BVRLA predicts prosperous 2018

Next year is predicted to be one of prosperity and opportunity for the UK vehicle rental and leasing industry, according to a report published by the BVRLA.

Despite gloomy predictions from elsewhere in the industry, the BVRLA’s 2018 Industry Outlook Report is upbeat.

BVRLA chief executive, Gerry Keaney said, ‘Our industry sees an opportunity to place itself at the centre of an increasingly fast-moving world of new automotive technology and mobility services. This week the government published an Industrial Strategy outlining its ambition to see the UK become the world’s most innovative nation by 2030. Our industry will help deliver this by embracing new technologies, not only relating to vehicle design and build, but also the way we interact with customers, operate fleets and use data.

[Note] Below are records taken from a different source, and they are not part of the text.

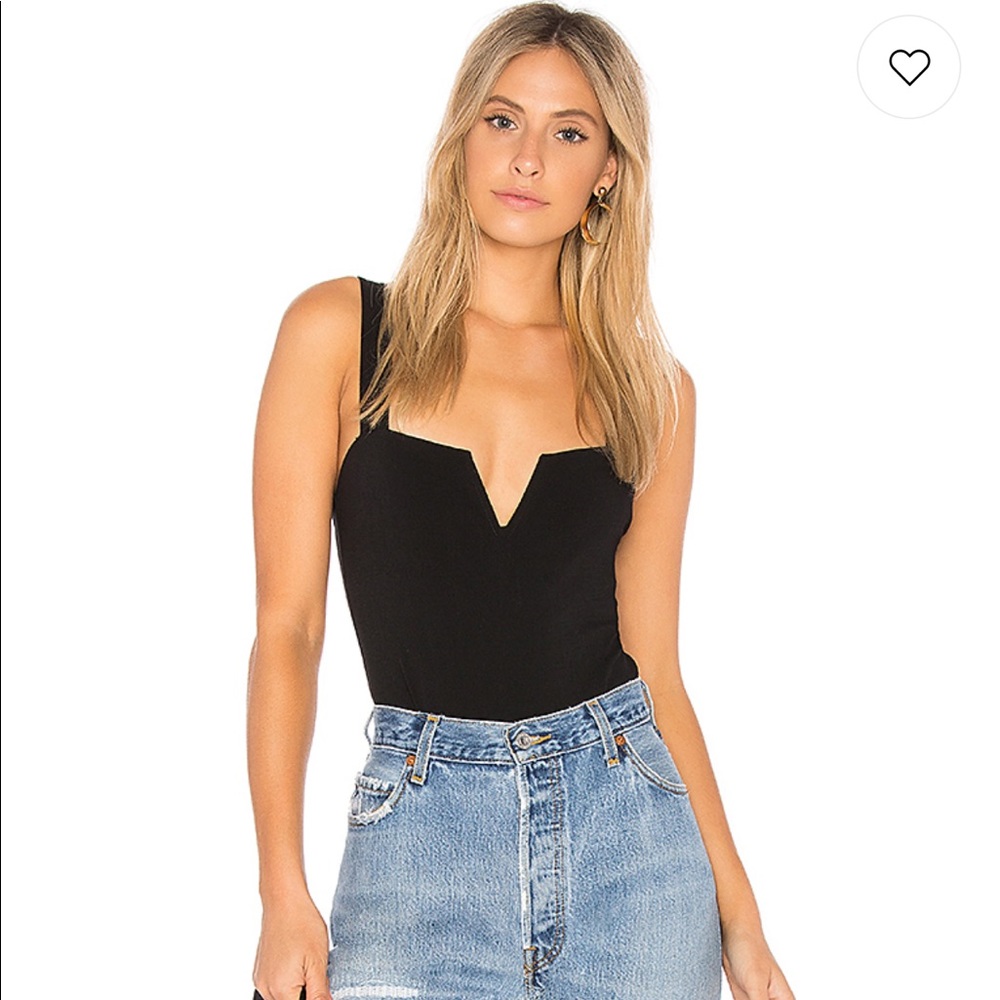 Free People V-Wire Pippa Body suit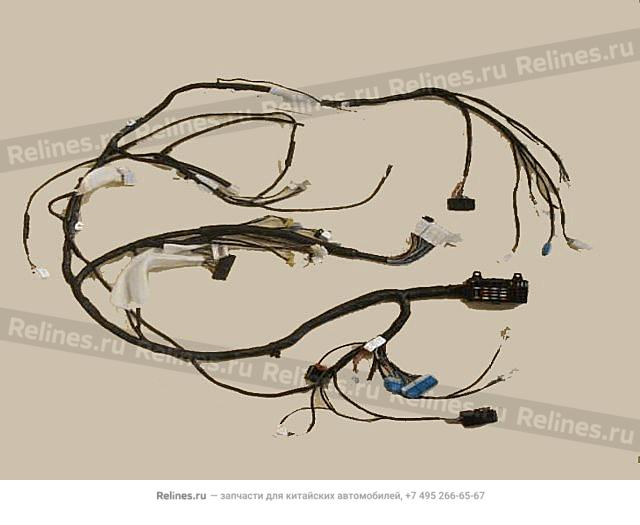 Harn assy-instrument panel&console(Sing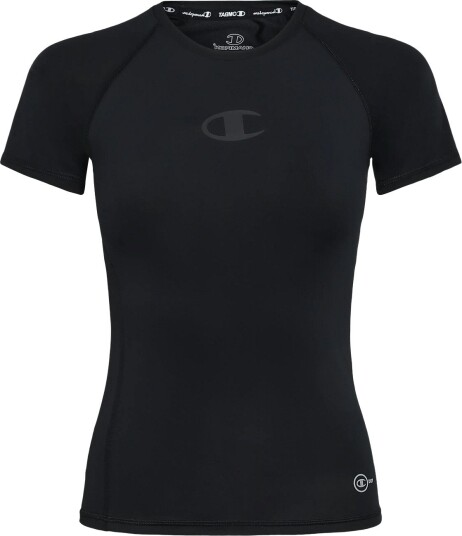 Champion Ss Tee   Black   XS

‘Next year will bring a lot of change and as an increasing number of customers move from vehicle ownership to usership, our members will be ready to meet their needs; providing the expertise to guide customers and businesses to the right transport solution, considering affordability, sustainability and cost-effectiveness.

‘BVRLA members know their customers, understand their products and are experts in combining the two in the safest, most sustainable and cost-effective way. This is why they are now collectively responsible for almost five million vehicles– that’s one in eight cars, one in five vans and one in five trucks licensed on UK roads.’

The BVRLA report provides a collective industry view on eight key subject areas.

Digitisation – More investment is being made in the customer-facing elements of the business to provide a personal service that delivers brand loyalty. Digital services will require ongoing investment to harness every opportunity.

Air quality and emissions – Diesel dominance of the commercial vehicle market will not change yet. Uncertainties around air quality measures will drive more people towards renting and leasing. 2018 will be the year of the in-depth fleet review.

Personal leasing – Personal leasing will continue to nibble away at the ‘perk’ company car market and demand for grey fleet management is set to grow. PCP will remain under the spotlight.

Connected vehicles and data – We will see ‘connected consolidation’ as companies get to grips with GDPR compliance and agree terms for working with vehicle and driver data. Operators will increasingly rely on ‘brought-in’ rather than ‘built-in’ connectivity using smartphone apps and dashcams.

Mobility services – App-delivered, dealership-based car rental is coming. New technology, electrification and corporate demand will drive a 20% increase in the car club fleet. Although integrated mobility as a service won’t take off on 2018, the range of individual mobility services on offer will grow.

Electric vehicles – Hybrids will dominate EV registrations and improvements in real-world MPG and CO2 will make them an attractive alternative to diesel. We don’t expect to see EV growth in the commercial vehicle market. 2018 will not be a ‘breakthrough’ year for plug-in vehicles.

Advanced Driver Assistance Systems – ADAS re-calibration will become a headache for fleet operators. The independent repair and maintenance market will struggle to meet the demands of an increasingly complex range of vehicles.

Commercial vehicles – The CV market will continue to polarize between firms working with HGVs and LCVs. Rising use of safety technology will avert the need for regulation of the LCV market. There will be growing concerns around the risk profile of a new generation of self-employed, ‘gig-economy’ van drivers.